Question Erratic external hard drive behavior

Apr 1, 2020
4
0
10
So, at the beginning of February, our 20TB G-RAID Thunderbolt 2 external hard drive failed. We use this hard drive to store backups for 9 different machines (it's connected via thunderbolt cable to one of them, and the rest are backed up over the network via shared folder). We had not configured it to use RAID 1, and we didn't need to recover any of the lost backups that were stored, so we chose to take advantage of our warranty and swap it out.

They sent us a new one, and we chose to configure it with RAID 1. I did this after formatting to NTFS, etc. etc. for Windows use. All seemed well at this point. Our backups run over the weekends, alternating between two groups of 4-5 computers. I try to stagger them a little more, by starting 2 on Friday nights, and the other 2-3 on Saturday mornings. The first weekend that this new external hard drive was in use, the power went out. Both the hard drive and the computer were plugged into the UPS, so they didn't lose power, but the backup jobs did fail with errors no more detailed than "An error has occurred and the backup did not complete." All of the computers being backed up were also plugged into UPS. It's worth noting as well that Jenkins never lost connection with any of these machines during that time, and there were no other indications of network loss.

I ran chkdsk on the drive, and it reported a plethora of bad sectors. I ran it again with the /r and /f flags, but this failed with read errors saying "The disk does not have enough space to replace bad clusters". We decided to wipe and reformat it to NTFS again, to start fresh. chkdsk reported no errors, and our backups ran fine for about 3 weeks.
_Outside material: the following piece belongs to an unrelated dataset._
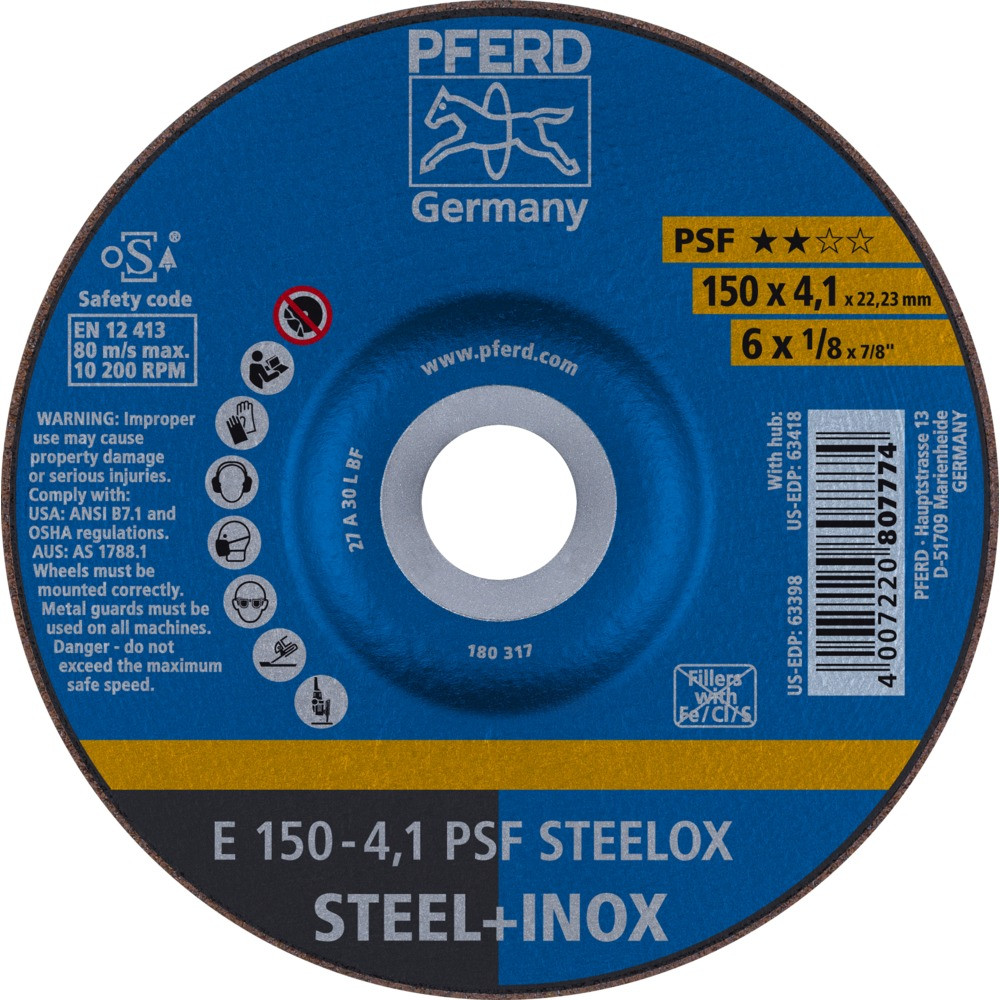 Круг зачистной (обдирочный) 150 мм, толщина 4,1 мм по стали и нержавеющей стали E 150-4,1 PSF STEELOX, Pferd - фото 1 - id-p116190086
The power went out again, late on a Thursday night before the backups were triggered to run. The backups failed with the error "The request could not be performed because of an I/O device error". Checking event logs, Windows Logs > System was filled with Event 140 errors from "Ntfs (Microsoft-Windows-Ntfs)" stating "The system failed to flush data to the transaction log. Corruption may occur in VolumeId: G:, \Device\HardDiskVolume7. (The I/O device reported an I/O error)." Chkdsk reported the file system to be RAW, and could not scan the hard drive. HDDScan detected the drive, but not the size and could not run any SMART scans or read/write tests. Interestingly, Disk Management showed the drive as active, healthy, and NTFS, even after rescanning and refreshing.

First thing I always do when troubleshooting is reboot, so I rebooted the computer that the external hard drive was connected to, and surprisingly the disk went back to normal. chkdsk detected the NTFS file system, completed the scan and reported no bad sectors or other errors. HDDScan recognized the drive, ran full read/write tests with no worrisome issues, and that SMART scan was fine except for "UltraDMA CRC Errors" with the Value/Worst of "200". Backups worked fine, yet again.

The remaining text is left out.